Côté syrien, dans et autour de la ville de Qoussair en grande partie détruite, un timide retour des habitants s’amorce. Errant au milieu des ruines de Hay Al-Chamal, Abdelhalim Ayoun est rentré chez lui depuis une semaine. Après douze ans d’absence. Il avait fui le siège et l’assaut du Hezbollah en 2013, avant d’échouer dans la région libanaise d’Ersal, de l’autre côté de la frontière, dans un camp d’habitations de fortune où s’entassaient comme lui des centaines de Syriens survivant de menus travaux agricoles. « Là-bas on est maltraité : nous avons vécu des années de privations. J’ai décidé de rentrer, même s’il ne me reste plus grand-chose », explique-t-il en désignant sa maison dont ne subsistent que les murs extérieurs.

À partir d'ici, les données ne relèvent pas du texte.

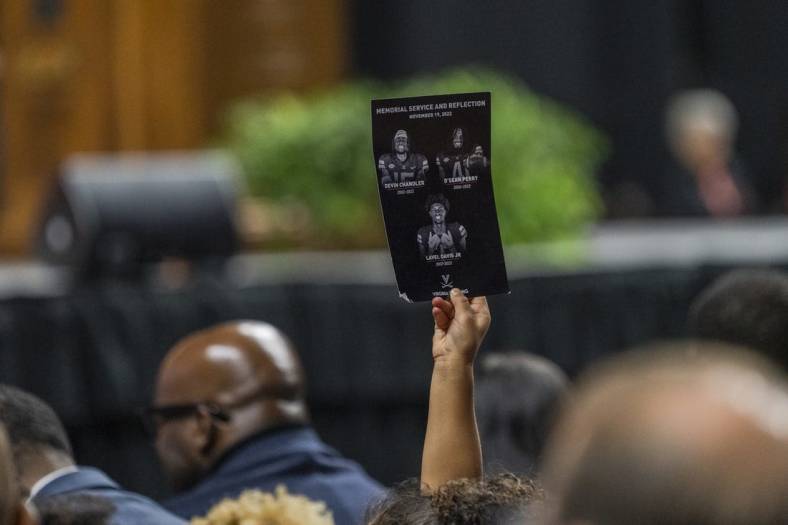 Nov 19, 2022; Charlottesville, Virginia, US; A flyer is held up during the memorial service for three slain University of Virginia football players Lavel Davis Jr., D Sean Perry and Devin Chandler at John Paul Jones Arena. Mandatory Credit: Erin Edgerton/Pool Photo-USA TODAY Sports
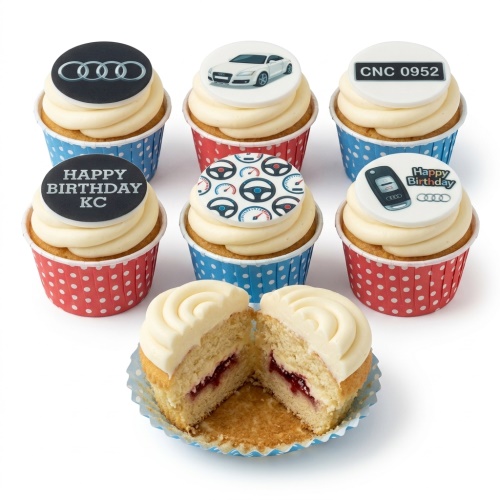 Six vanilla cupcakes with cream frosting, decorated with Audi car theme toppers, including logo, car, key, and steering wheel patterns.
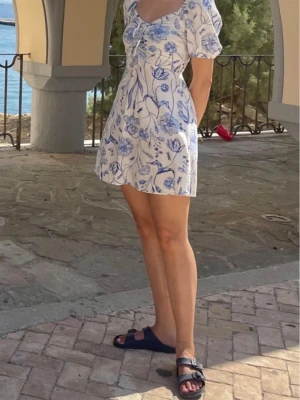 Vit och blå blommig kortklänning H&M - Supersöt kort klänning från H&M med puffärmar. Klänningen är vit med blått blommigt mönster och har snörning framtill. 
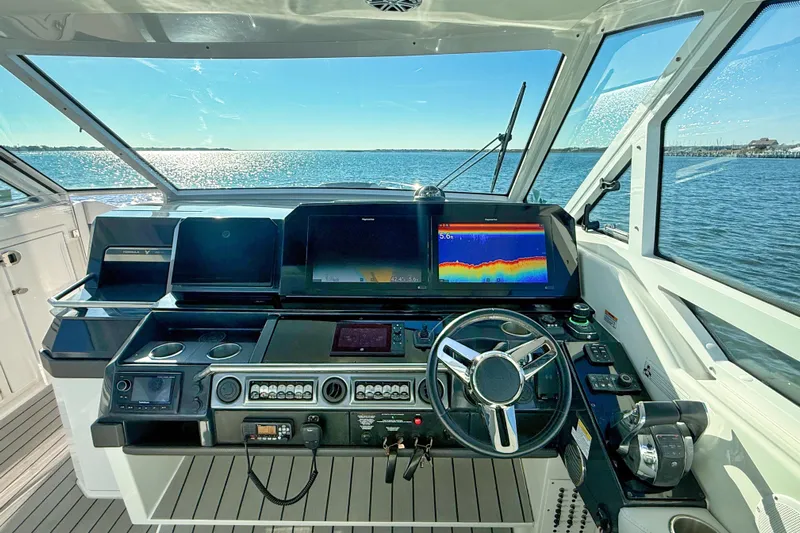  Yacht Photos Pics 2020 Formula 400 Super Sport Crossover helm with advanced navigation displays.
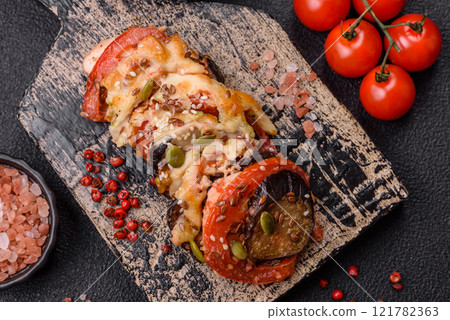 Rings of eggplant, tomato and zucchini with pieces of chicken and garlic Rings of eggplant, tomato and zucchini with pieces of chicken and garlic 121782363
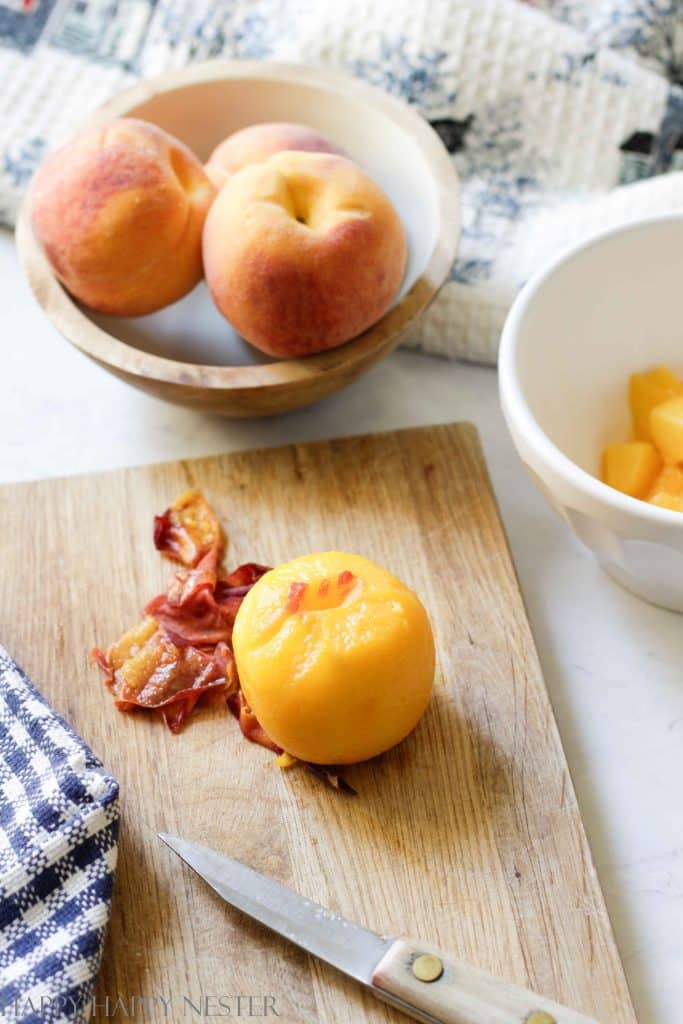 A peach that has been peeled that is sitting on a small wooden cutting board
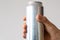 Aluminum can with carbonated drink in a male hand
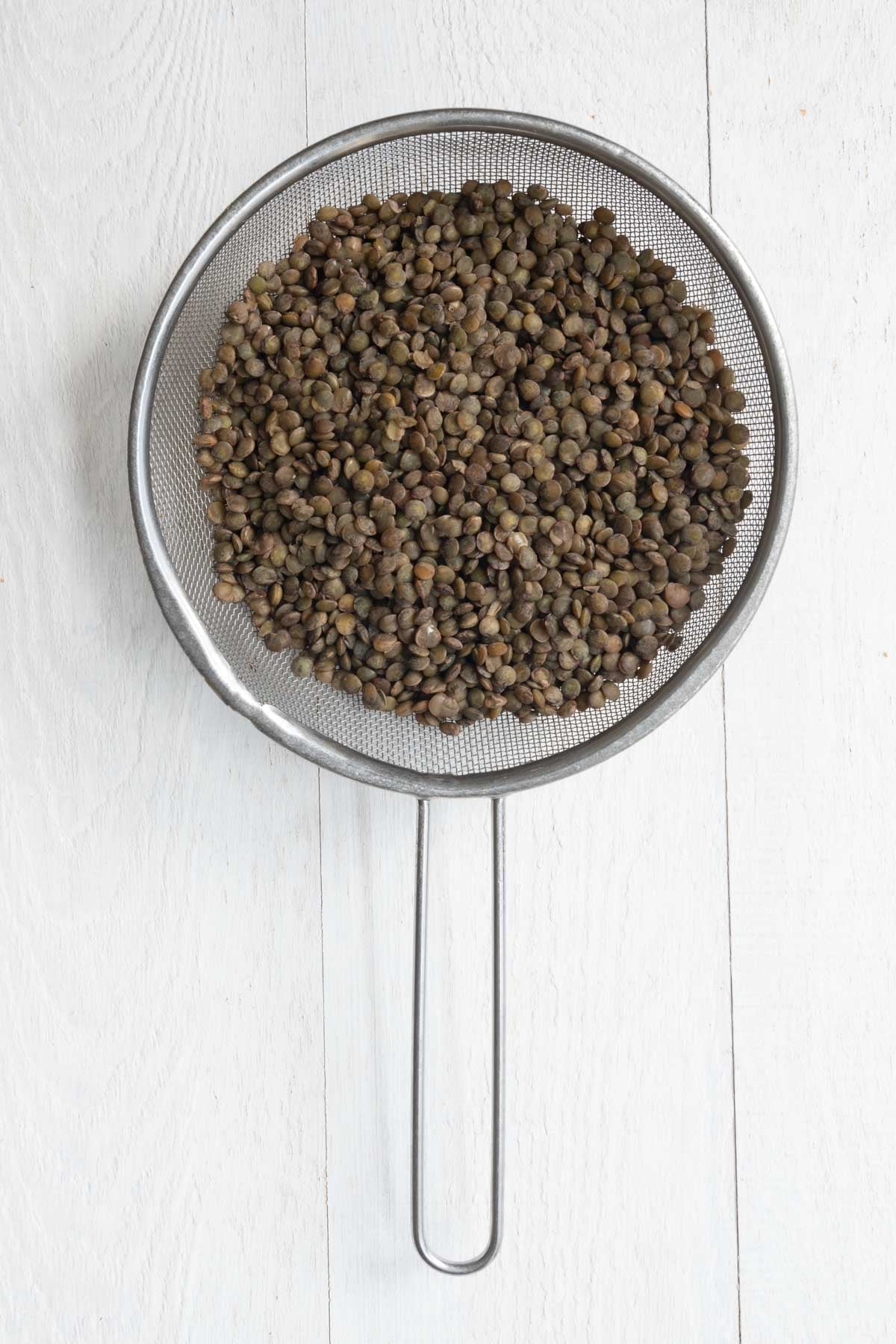 Cooked French lentils draining in a fine mesh sieve.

Vaincus d’hier ou opportunistes viennent prélever leur écot sur ce qu’ont laissé les vaincus d’aujourd’hui. Les maisons abandonnées par les familles libanaises sont méticuleusement pillées : dimanche, la route qui relie les villages repris par la nouvelle armée syrienne à Qoussair était empruntée par une file de camionnettes ou de tracteurs chargés de meubles, portes, fenêtres, canapés ou miroirs.